Wäre mit einer staatlichen Zulassungsstelle alles besser?

Die Autoren der #ImplantFiles monieren, das hiesige System der Zulassung von Medizinprodukten sei zu lasch. Es sei viel zu einfach, über ein privates Zertifizierungsinstitut ein CE-Kennzeichen zu bekommen, das zum Marktzugang berechtigt. Sie plädieren für eine staatliche Zertifizierungs- und Überwachungsstelle. Nun hat sich seit dem Skandal um die mit billigem Industriesilikon gefüllten, fehlerhaften Brustimplantate des französischen Unternehmens PIP ja schon herumgesprochen, dass es bei der CE-Kennzeichnung durch die Benannten Stellen (hier war es der TÜV Rheinland) nicht immer ganz korrekt zugeht. Das System ist mit Sicherheit reformbedürftig, die Auflagen gehören in vielen Punkten verschärft. Doch ob die Übertragung der Verantwortung an eine staatliche Stelle mit einem Schlag alle Probleme beseitigt, wage ich zu bezweifeln. Man muss sich ja nur einmal die Rolle des Kraftfahrzeugbundesamts im Dieselskandal anschauen, um zu verstehen, dass sich auch mit staatlichen Stellen korrumpierbare Strukturen entwickeln können, die dem Verbraucher schaden.

Welche Informationen recherchiere ich nun weiter?

Ich habe die Arbeitsgemeinschaft Diabetes &  Technologie (AGDT) der Deutschen Diabetes Gesellschaft (DDG) um ein Interview gebeten. In dieser AG sind schließlich die führenden Experten auf dem Gebiet der Diabetestechnologie in Deutschland versammelt.
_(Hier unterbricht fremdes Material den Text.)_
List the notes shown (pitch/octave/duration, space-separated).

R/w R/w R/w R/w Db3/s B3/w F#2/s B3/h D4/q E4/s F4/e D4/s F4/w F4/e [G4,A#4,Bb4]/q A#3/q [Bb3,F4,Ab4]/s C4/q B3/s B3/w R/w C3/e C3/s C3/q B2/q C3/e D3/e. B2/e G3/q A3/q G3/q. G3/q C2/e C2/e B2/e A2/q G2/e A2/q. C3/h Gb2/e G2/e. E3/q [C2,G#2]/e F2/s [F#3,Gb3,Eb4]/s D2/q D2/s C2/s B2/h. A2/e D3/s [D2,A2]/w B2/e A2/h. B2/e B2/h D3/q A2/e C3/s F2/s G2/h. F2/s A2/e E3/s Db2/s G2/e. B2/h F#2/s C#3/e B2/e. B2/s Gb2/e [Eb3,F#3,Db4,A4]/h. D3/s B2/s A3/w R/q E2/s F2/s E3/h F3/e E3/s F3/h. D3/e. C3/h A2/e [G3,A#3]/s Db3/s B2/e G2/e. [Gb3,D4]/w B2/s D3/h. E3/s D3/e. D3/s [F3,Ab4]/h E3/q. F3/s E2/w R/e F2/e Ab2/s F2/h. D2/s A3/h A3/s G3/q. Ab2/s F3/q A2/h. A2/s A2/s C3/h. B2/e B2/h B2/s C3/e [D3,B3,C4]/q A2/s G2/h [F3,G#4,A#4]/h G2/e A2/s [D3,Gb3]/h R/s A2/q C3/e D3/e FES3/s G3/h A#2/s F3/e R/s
Allerdings wird man dort derzeit – wen wundert’s – mit derart vielen Anfragen überrannt, dass man beschlossen hat, vorerst keine Einzelinterviews zu geben, sondern erst einmal Fragen zu sammeln und dann in irgendeiner Form in einer Stellungnahme darauf zu reagieren. Mich interessiert sehr, wie die AGDT-Experten die Sicherheitsstandards beim Zulassungsverfahren von Medizinprodukten wie Insulinpumpen einschätzen, ob sie es für möglich halten, dass eine Insulinpumpe einfach unbeabsichtigt einen Bolus abgibt, und ob sie die Kontrolle und Überwachung durch das Bundesinstitut für Arzneimittel und Medizinprodukte (BfArM) für ausreichend halten.
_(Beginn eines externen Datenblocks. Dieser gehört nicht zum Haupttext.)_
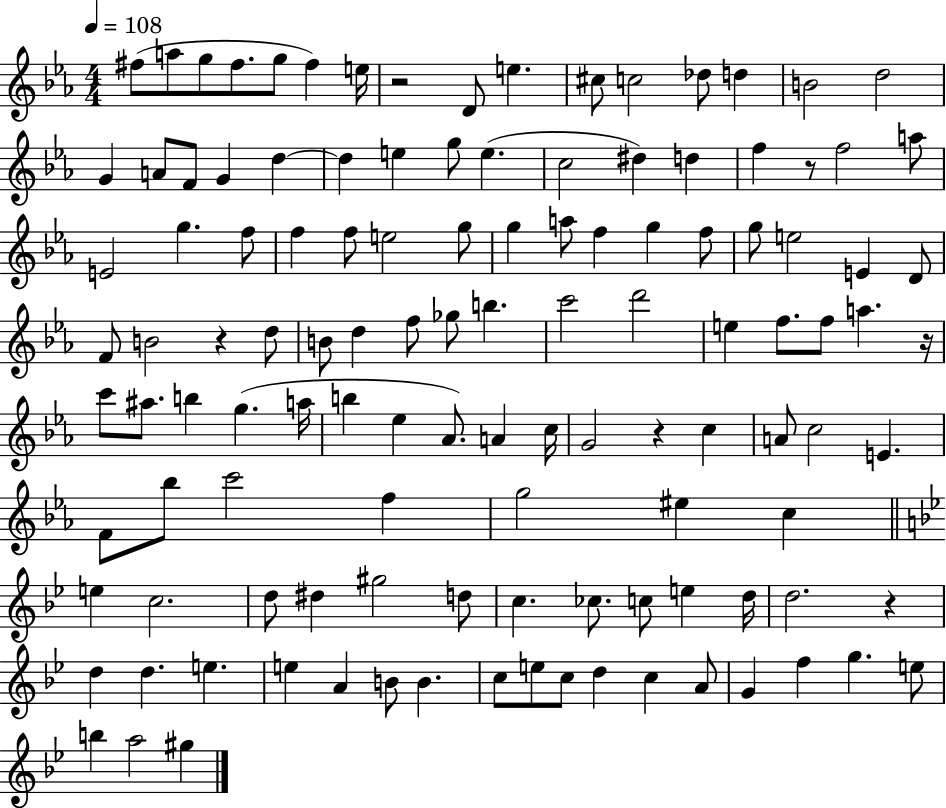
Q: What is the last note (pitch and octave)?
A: G#5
Bis ihre Antworten bzw. ihre Stellungnahme eintrudeln, werde ich auf eigene Faust weiter recherchieren. Ich möchte zum einen gern mehr darüber wissen, was es mit den mehrfach genannten Fehlern bei Infusionssets von Medtronic auf sich hat. Ich trage selbst keine Insulinpumpe, bin mit dieser Materie also nicht persönlich vertraut. Könnten die defekten Infusionssets, wegen derer es im vergangenen Jahr immerhin eine große Rückrufaktion gegeben hat, verantwortlich für unbeabsichtigt hohe Insulingaben sein? Zum anderen möchte ich gern noch ein bisschen genauer verstehen, wie hoch die regulatorischen Hürden wirklich sind, bevor eine Insulinpumpe nicht nur zugelassen, sondern auch ins Hilfsmittelverzeichnis der gesetzlichen Krankenversicherung aufgenommen wird.
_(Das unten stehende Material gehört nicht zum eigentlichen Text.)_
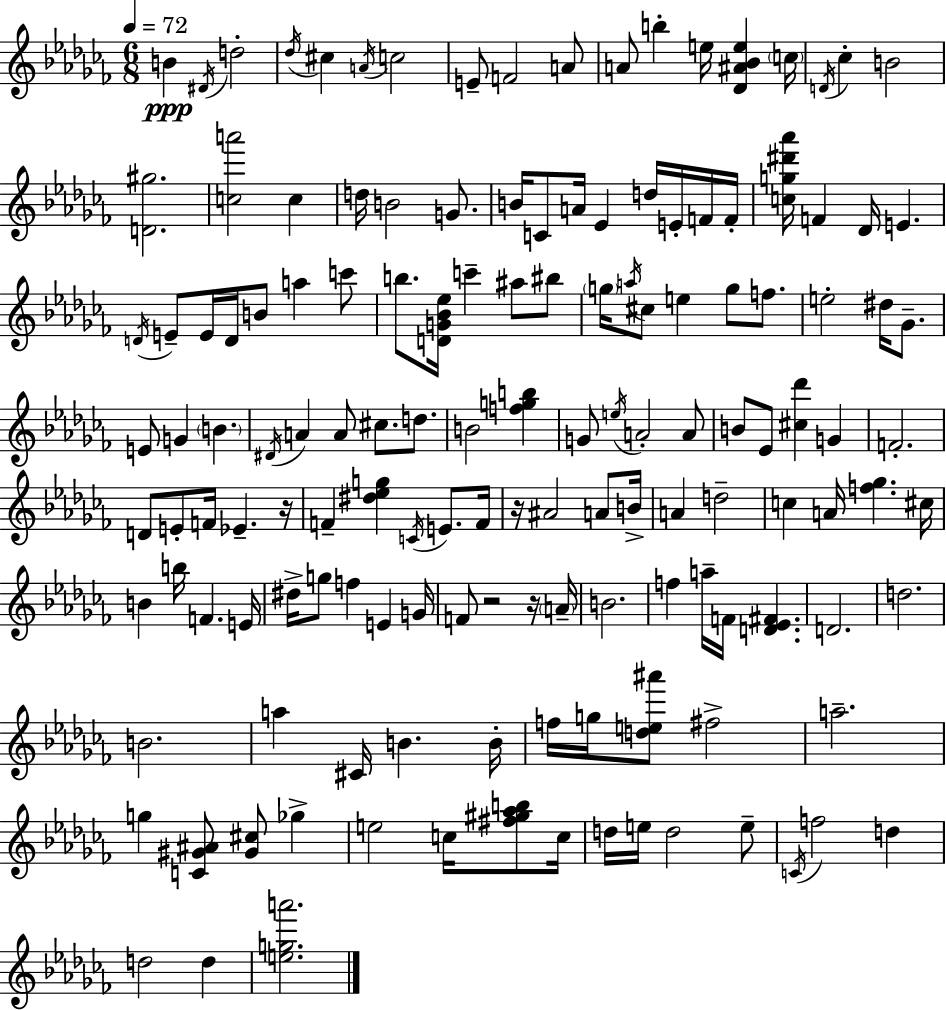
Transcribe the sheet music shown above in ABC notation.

Denn ohne einen Eintrag in dieses Hilfsmittelverzeichnis lässt sich in Deutschland nicht viel anstellen – da hilft auch der schönste CE-Stempel nichts. Ich möchte weitere Fakten checken, die mir unsauber dargestellt erscheinen. Und zu guter Letzt möchte ich auch mit den Journalisten Kontakt aufnehmen, die zum Thema Insulinpumpen recherchiert haben: Wie gut stecken die wirklich in der Materie? Wenn ich dann alles klarer durchschaue, werde ich mir überlegen, in welcher Form und über welchen Kanal ich erneut über das Thema berichte.